Excerpts from a dataset:
........
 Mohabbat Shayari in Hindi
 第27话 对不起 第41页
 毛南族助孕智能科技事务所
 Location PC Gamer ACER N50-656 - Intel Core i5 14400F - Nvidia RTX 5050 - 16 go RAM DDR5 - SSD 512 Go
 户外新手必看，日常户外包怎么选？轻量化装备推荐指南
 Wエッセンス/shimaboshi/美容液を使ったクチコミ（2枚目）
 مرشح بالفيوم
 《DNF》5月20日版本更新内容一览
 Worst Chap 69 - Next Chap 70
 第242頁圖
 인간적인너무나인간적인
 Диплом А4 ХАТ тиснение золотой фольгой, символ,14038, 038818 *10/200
........
Transcribe exactly the lines from the one containing "第27话 对不起 第41页" through the end of the records, both included, and nothing else.

**Exercise response**
 第27话 对不起 第41页
 毛南族助孕智能科技事务所
 Location PC Gamer ACER N50-656 - Intel Core i5 14400F - Nvidia RTX 5050 - 16 go RAM DDR5 - SSD 512 Go
 户外新手必看，日常户外包怎么选？轻量化装备推荐指南
 Wエッセンス/shimaboshi/美容液を使ったクチコミ（2枚目）
 مرشح بالفيوم
 《DNF》5月20日版本更新内容一览
 Worst Chap 69 - Next Chap 70
 第242頁圖
 인간적인너무나인간적인
 Диплом А4 ХАТ тиснение золотой фольгой, символ,14038, 038818 *10/200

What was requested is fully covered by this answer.